Der Erzähler begibt auf den Invalidenfriedhof, und läßt sich dort von einem Führer die Spuren deutscher Geschichte erklären:

An diesem Ort, sagt er, liegt die deutsche, liegt die preußische Geschichte begraben, jedenfalls die militärische. Scharnhorst liegt hier und andere Generäle, Admiräle, Obristen, Majore, bekannte Jagdflieger, damals die Helden der Luft, Richthofen, Udet, Mölders, und unter all diesen Männern, diesen Militärs, liegt eine Frau. Sehen sie den Grabstein, er ist neu gesetzt worden, der alte war in den Kampfhandlungen zu Ende des Kriegs zerstört worden, ein Granitbrocken, ein Findling. Der Flug ist das Leben wert, 1907 geboren, 1933 gestorben. Marga von Etzdorf. Eine Fliegerin, eine der ersten in Deutschland.
Ja, sage ich, sie sei der Grund, warum ich hierhergekommen bin. Ich hatte vermutet, sie sei abgestürzt, las dann aber, sie habe sich nach einer Bruchlandung in Syrien, in Aleppo, erschossen. Das weckte meine Neugier. Eine Frau, eine Fünfundzwanzigjährige, erschießt sich nicht wegen einer Bruchlandung, dachte ich.

In diesen wenigen Sätzen wird schon deutlich, was ich an Timm schätze: seine völlig unambitionierte Sprache, und die Themen, um die es ihm einzig geht.

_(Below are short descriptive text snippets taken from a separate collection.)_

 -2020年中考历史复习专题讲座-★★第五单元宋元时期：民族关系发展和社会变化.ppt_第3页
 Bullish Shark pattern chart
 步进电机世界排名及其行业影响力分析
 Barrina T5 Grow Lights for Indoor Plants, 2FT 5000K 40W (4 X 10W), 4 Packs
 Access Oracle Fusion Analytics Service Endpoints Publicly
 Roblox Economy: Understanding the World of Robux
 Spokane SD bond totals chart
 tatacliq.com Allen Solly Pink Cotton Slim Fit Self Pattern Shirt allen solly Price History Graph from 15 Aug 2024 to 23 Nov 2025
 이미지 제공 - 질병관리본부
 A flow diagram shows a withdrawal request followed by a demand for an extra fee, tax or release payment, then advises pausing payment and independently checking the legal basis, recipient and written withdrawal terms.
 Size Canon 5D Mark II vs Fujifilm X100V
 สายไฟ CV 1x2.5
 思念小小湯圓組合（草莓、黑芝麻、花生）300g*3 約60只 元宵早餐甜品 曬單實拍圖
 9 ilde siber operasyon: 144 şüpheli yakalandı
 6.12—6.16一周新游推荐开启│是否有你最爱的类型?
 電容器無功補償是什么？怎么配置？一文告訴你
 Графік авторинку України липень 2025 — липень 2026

Mit "unabitioniert" meine ich im Zusammenhang das Gegenteil von "unbedarft", im Gegenteil: Timm will klar und deutlich sprechen, und zwar mit möglichst wenigen und vor allem unaufgeregten Worten. Seine Themen sind schon - nicht nur auf den ersten Blick - wahnwitzig und irreal genug, da würde es wenig helfen, die Dinge mit rhetorischen Mitteln zu beschwören oder ins rechte Licht zu setzten, zurechtzurücken womöglich.

Marga von Etzdorf ist im gleichen Jahr geboren wie die auch heute noch bekannte Elly Beinhorn - zu ihrer Zeit, Ende der Zwanziger, Anfang der Dreißiger Jahre, waren diese beiden Frauen gleichauf in ihrer Berühmtheit. Die eine hat man völlig vergessen, der Tod der anderen Ende letzten Jahres, im Alter von genau hundert Jahren, hat noch so manchen berührt, dessen Großmutter sie hätte sein können (mich, beispielsweise). - Wie kann so etwas passieren? Warum ist von zwei Leben, die auf ihrem Höhepunkt exakt dasselbe taten - sich als Frau in die Luft so zu erheben, wie das bisher nur Männern erlaubt war - nur jenes in der Erinnerung der Geschichte, das den Naziterror heil überlebte? warum jenes wie weggewischt, das sich, ganz zu Anfang, dem verweigerte?

Uwe Timm - Jahrgang 1940, als Nesthäkchen in einer Familie geboren, in der der ältere Bruder schon den Beginn des Rußlandfeldzugs mitmachen mußte - stellt schon ziemlich spannende Fragen. Letztlich versucht er sich sogar an einer Antwort - und der Weg dorthin liest sich spannender als jede Fiktion.

  1. [1] Der übrig bleibt: TC Boyle.